The Arts and Science Council said Thursday that it will have to continue to cut its operating budget and reduce its operating grants if it doesn’t secure more funding.
In November, Mecklenburg voters rejected a new quarter-cent sales tax that would have funded the arts – as well as parks and education. After the tax was defeated, the Arts and Science Council laid off four employees, as part of a 15% reduction in its operating budget.
ASC president Jeep Bryant now says the organization may reduce its $5.9 million operating grants budget in the upcoming year -- unless it receives more funding from the city or the county, as well as corporations and individual donors.
"If our efforts to secure additional resources aren’t successful, the funds available for ASC grants would decline by as much as 50% in the coming cycle," Bryant said.

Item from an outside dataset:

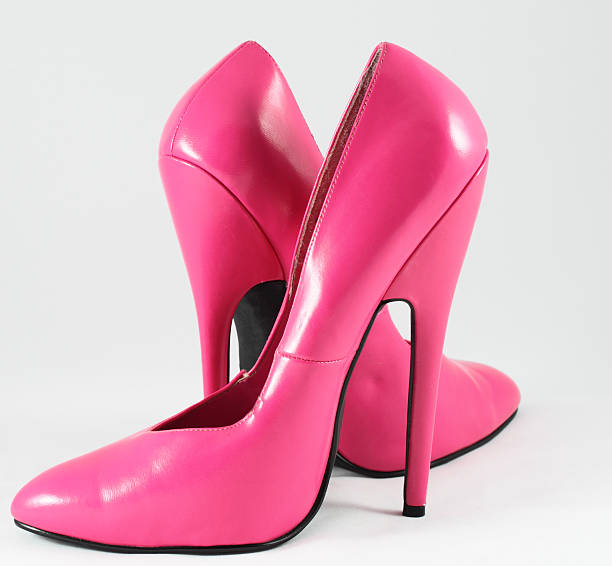 istock sexy pink high heel shoes 93346693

Those grants provide money to 33 organizations, like the Mint Museum and the Bechtler Museum of Modern Art, to smaller organizations like the Charlotte Art League and the Carolinas Aviation Museum.
The ASC says that, in the past few years, the organization has been spending money from endowments at an unsustainable rate.
With the tax defeated, the ASC’s chair, Valecia McDowell, says it can no longer do that. She told Mecklenburg Commissioners last year that the ASC was facing a funding crisis.
"This is the consequence, right?" McDowell said. "So now we’re at the place where we’re getting to the first funding cycle where we’ll be dealing with that reality."
The ASC plans to ask the city of Charlotte and Mecklenburg County for additional funding in their upcoming budgets. The city last year gave the ASC $3.2 million. The county gave $1.2 million. The county's money is restricted for specific purposes.
The group says that additional operating expense budget cuts are also a possibility.